Working with large numbers

    Sep 19 2013 | 2:50 pm
    Hello Forum!
    I'm quite new to MAX and I'm currently trying to do the following operation:
    X * (2^40)
    For this I'm using the following expression:
    [expr $f1*pow(2,(40))]
    The problem is that said X value is normally between 200 and 3000 and the output value seems to be a bit too large for Max to process, all I get in return are odd values such as "-551903297536", am I doing something wrong? Are these negative what I'm actually looking for? I feel a little dumb, Please help
    Thanks in advance!

    • Sep 19 2013 | 4:20 pm
      max numbers are in 32 bits if you are using Max 32 bits, 64 if you're using max 64 bits. That said, it means maximum integer in 32 bits is 2^31 - 1 (because there are negative value stoo), which is inherently smaller than 2^40 so you can't have that result.

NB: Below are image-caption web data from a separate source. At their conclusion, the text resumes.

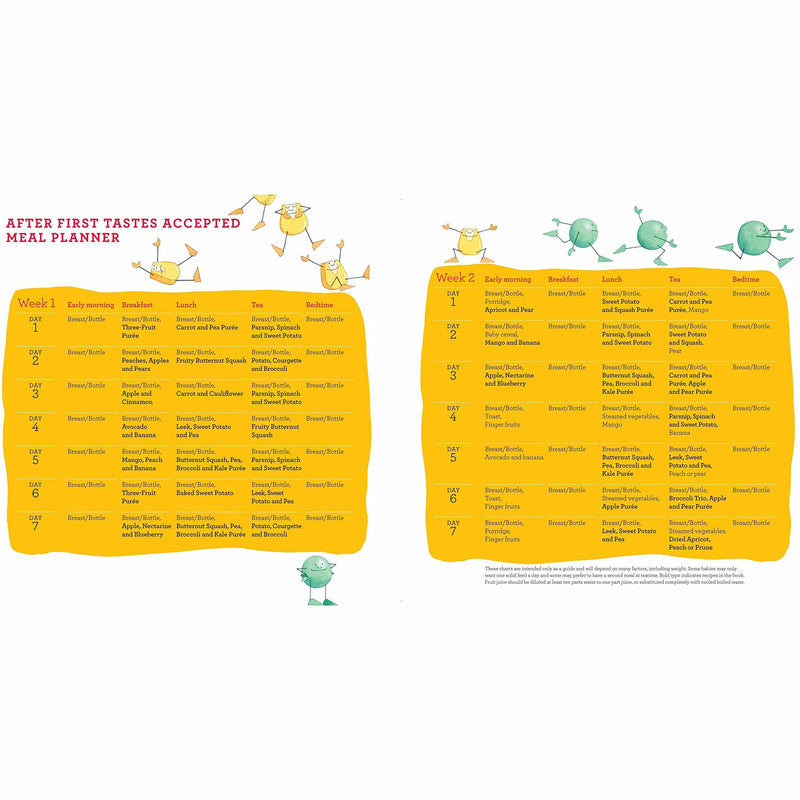 Annabel Karmel's Complete Baby & Toddler Meal Planner hardcover book, featuring meal ideas for infants and young children.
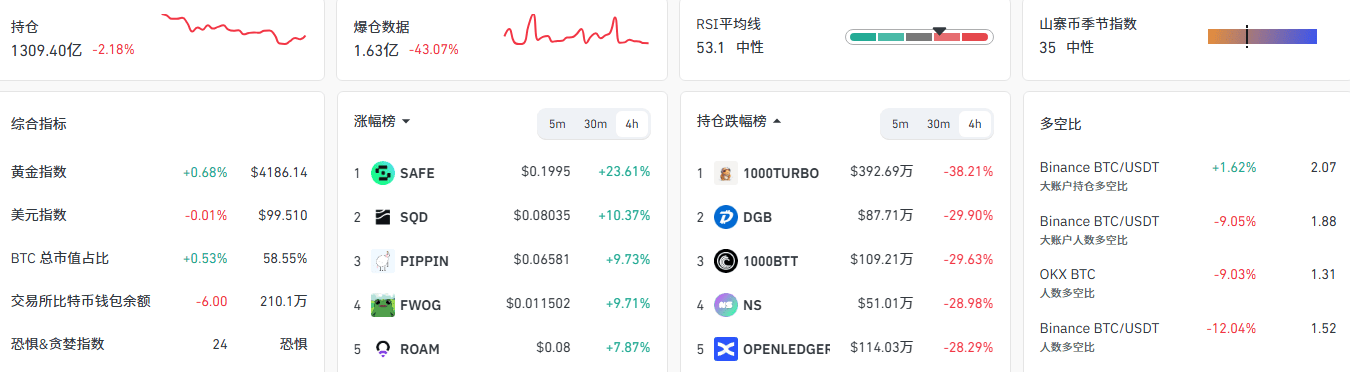 货币敞口风险(风险敞口余额是什么)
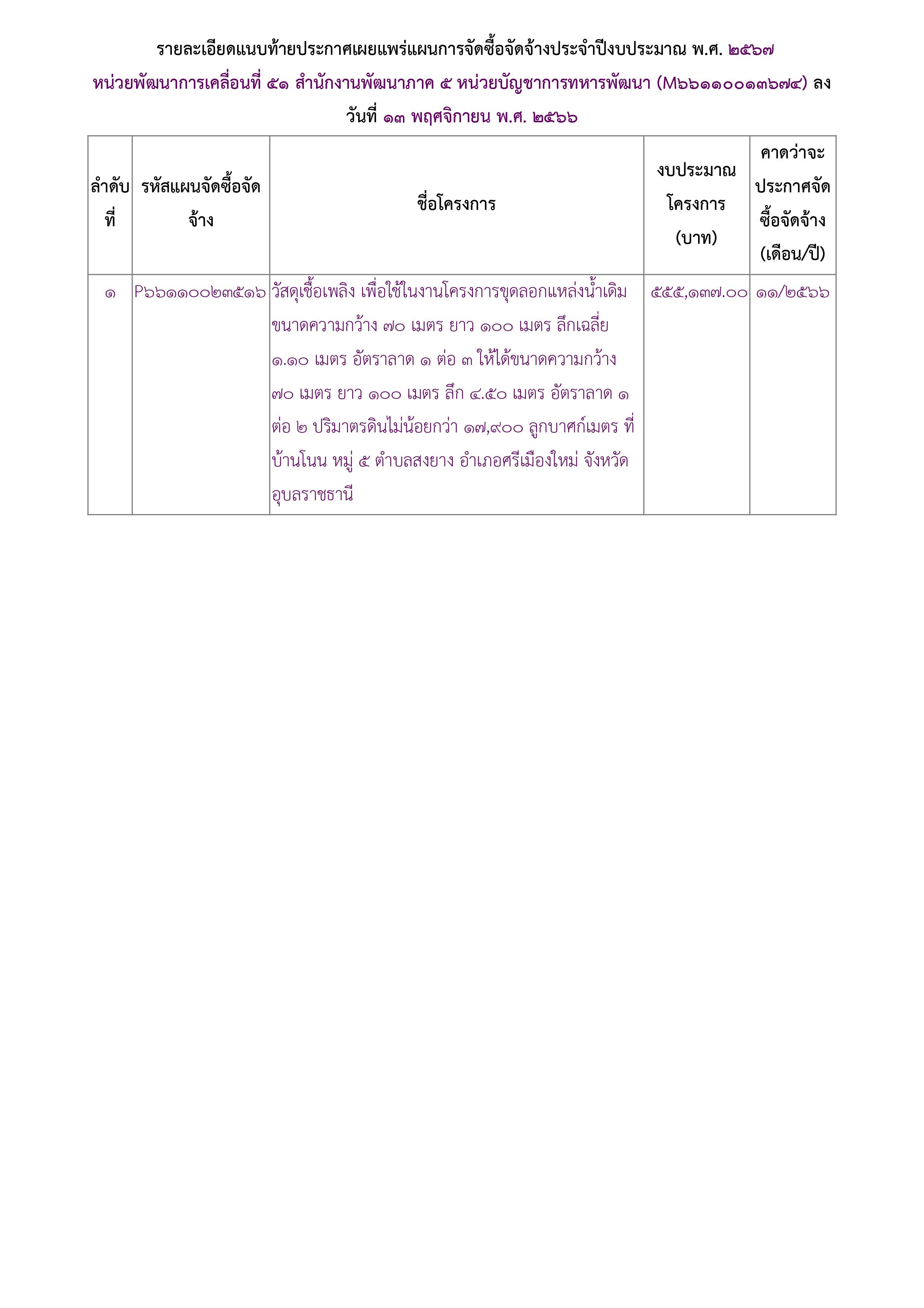 ประกาศแผนการจัดซื้อจัดจ้างเพื่อเผยแพร่ขึ้นเว็บไซต์-2.jpg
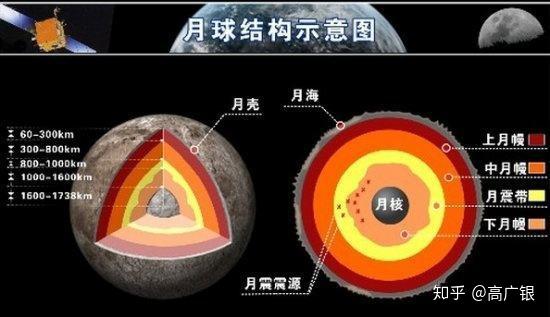 人类探索月球的历史_人类探索月球奥秘的历史资料_人类探索月球的重要事件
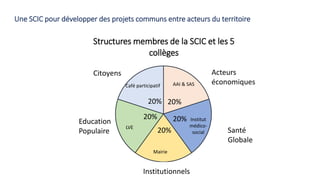 Une SCIC pour développer des projets communs entre acteurs du territoire
Structures membres de la SCIC et les 5
collèges
C...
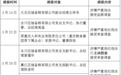 粮仓“硕鼠”很猖獗，重庆市纪委监委非“懒猫”：1个月捉10只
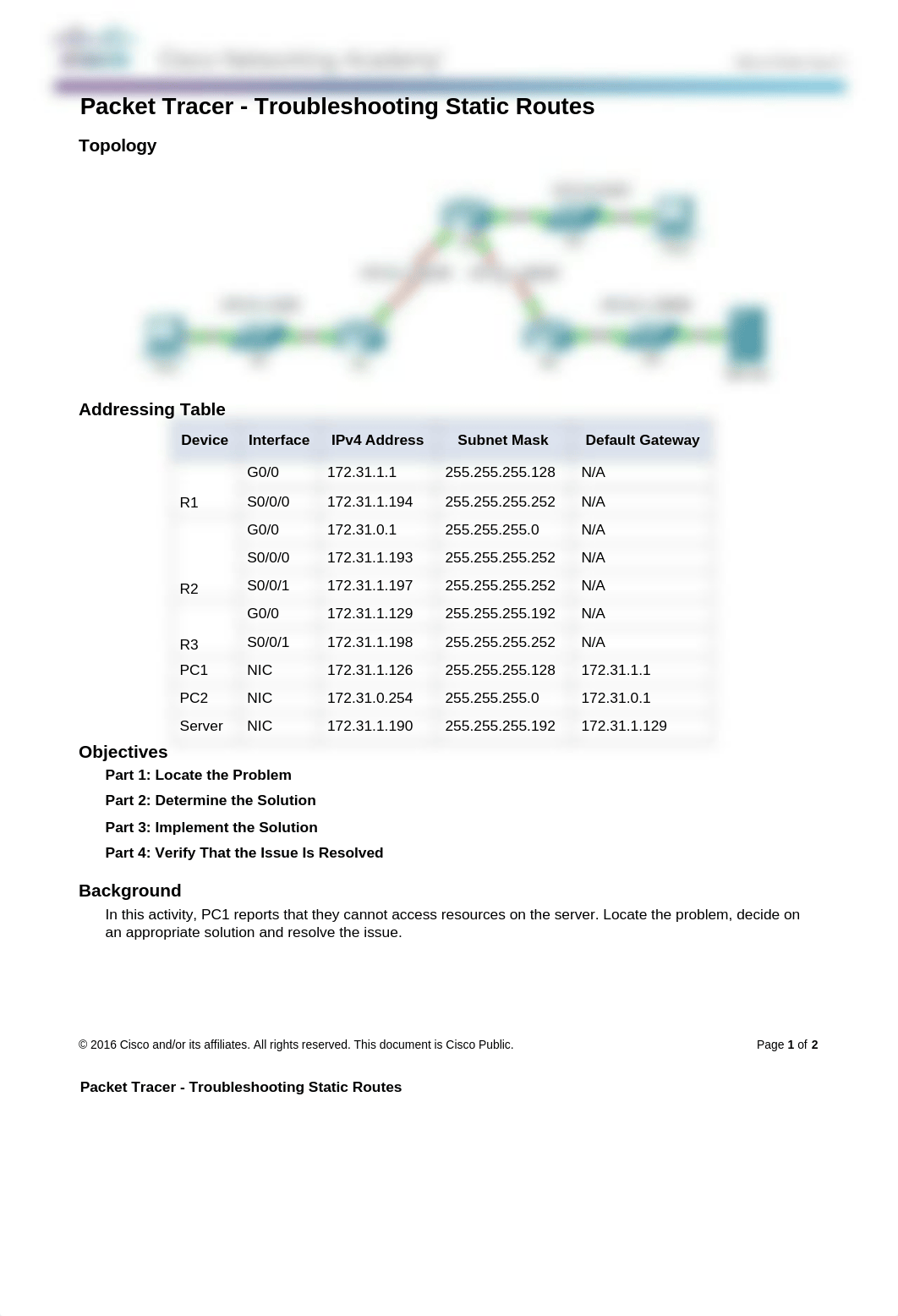 2.3.2.3 Packet Tracer - Troubleshooting Static Routes Instructions.docx_dfmihctzywj_page1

      In 64 bits : maximum signed is 2^63 - 1 : 9,223,372,036,854,775,807. Now 2^7 < 200 < 2^8 and 2^11 < 3000 < 2^12 so your maximum will be < 2^12 * 2^40 = 2^52 ; sooo you will be able to compute an INTEGER that is the result of that operation, using max 64 bits, but not using max 32 bits.
      That beeing said, i have ot ask why you are needing such values. Usually, useful values should stay inside "usual" computing range, so maybe you're trying to do something with a way that is not the right one ?... i might be wrong obviously, but maybe there's another solution.
    • Sep 20 2013 | 2:08 pm
      2^40 is no problem for floating point values, and that's what [expr] will be giving you. But since you're talking about integer results, somewhere in your patch you must be forcing a conversion to int. That's still not a problem with 64-bit arithmetic (as Vichug indicated), but won't work with 32 bit signed integers. Also, even in Max 6.1 set to 64-bit, there may still be a couple of objects that only have one leg in 64-bit land and do something odd that is 32-bit based.
      How about an example of that portion of your patch where this happens? Otherwise we're just guessing in the dark.
    • Sep 20 2013 | 5:51 pm
      i would question that you really need to do 3000^40, maybe it would be a good idea to just do something totally different. ;)